We observed an increase in the total incidence rate during the study period (7.47 cases per 100,000 inhabitants in 2003 up to 23.84 cases per 100,000 inhabitants in 2021). This increase could be related to various causes such as cumulative lifetime sun exposure habits of the population currently at higher risk of developing melanoma and improved diagnostic accuracy over this period, especially with the widespread use of dermoscopy among others. In 2020, a drop of 2.58 cases per 100,000 inhabitants (from 16.24 cases per 100,000 inhabitants in 2019 down to 13.66 per 100,000 inhabitants in 2020) was reported, which was consistent with the national skin tumor incidence rate for that period.14 This incidence decrease is consistent with the start of the COVID-19 pandemic, a time during which access to primary and hospital health care became more complicated.

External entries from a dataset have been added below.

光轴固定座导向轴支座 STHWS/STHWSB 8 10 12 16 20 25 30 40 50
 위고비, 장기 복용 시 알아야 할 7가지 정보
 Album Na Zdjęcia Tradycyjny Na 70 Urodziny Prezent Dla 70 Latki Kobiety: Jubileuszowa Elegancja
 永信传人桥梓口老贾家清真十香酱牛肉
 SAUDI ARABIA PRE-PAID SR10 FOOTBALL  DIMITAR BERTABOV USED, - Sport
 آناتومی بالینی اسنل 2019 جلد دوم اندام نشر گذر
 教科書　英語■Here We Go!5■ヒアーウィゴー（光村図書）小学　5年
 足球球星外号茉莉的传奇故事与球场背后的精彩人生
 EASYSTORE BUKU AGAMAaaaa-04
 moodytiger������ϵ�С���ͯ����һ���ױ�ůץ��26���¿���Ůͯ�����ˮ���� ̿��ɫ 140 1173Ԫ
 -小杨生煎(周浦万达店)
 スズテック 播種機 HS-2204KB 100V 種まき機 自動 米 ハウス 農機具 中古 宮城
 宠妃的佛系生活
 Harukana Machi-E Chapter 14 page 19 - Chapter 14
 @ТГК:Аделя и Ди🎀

We should mention that the largest increase in incidence corresponds to early stages, probably due to improved early detection of cases for reasons such as greater public awareness, and improved knowledge among dermatologists and non-dermatologists (Appendix Figures 2 and 3).

Furthermore, incidence rates higher than the Spanish national average were reported too4,5,11,15,16 (Appendix Table 4). However, our incidence rates probably underestimate the actual incidence rate since almost 30% of the population in Mallorca has private health insurance, and it is precisely in this population in which melanomas—that have gone unreported this his series—are indeed detected. This may explain why the reported incidence rates are lower than expected, given some of characteristics inherent to our population such as widespread sun exposure habits (fishermen, farmers, sun and beach tourism), high UV radiation levels in the region, increasing immigration from countries with high melanoma rates (Central and Northern Europe), and the intermingling of the local population with people born in these countries.

The main limitations of our study are that it is a cross-sectional study without patient follow-up. Additionally, we only studied part of the island population, corresponding to the coverage area of one single hospital, and we lack data on melanoma diagnoses made in private clinics and hospitals, which we estimate could be significant.

In conclusion, the population with melanoma from the Migjorn sector has similar demographic characteristics to the rest of Spain. We saw a progressive increase in the incidence rates reported during the study period, which is consistent with data from other series. This incidence increase is due to early-stage melanomas, likely thanks to improved diagnostic techniques and awareness campaigns among health care professionals and the general population too.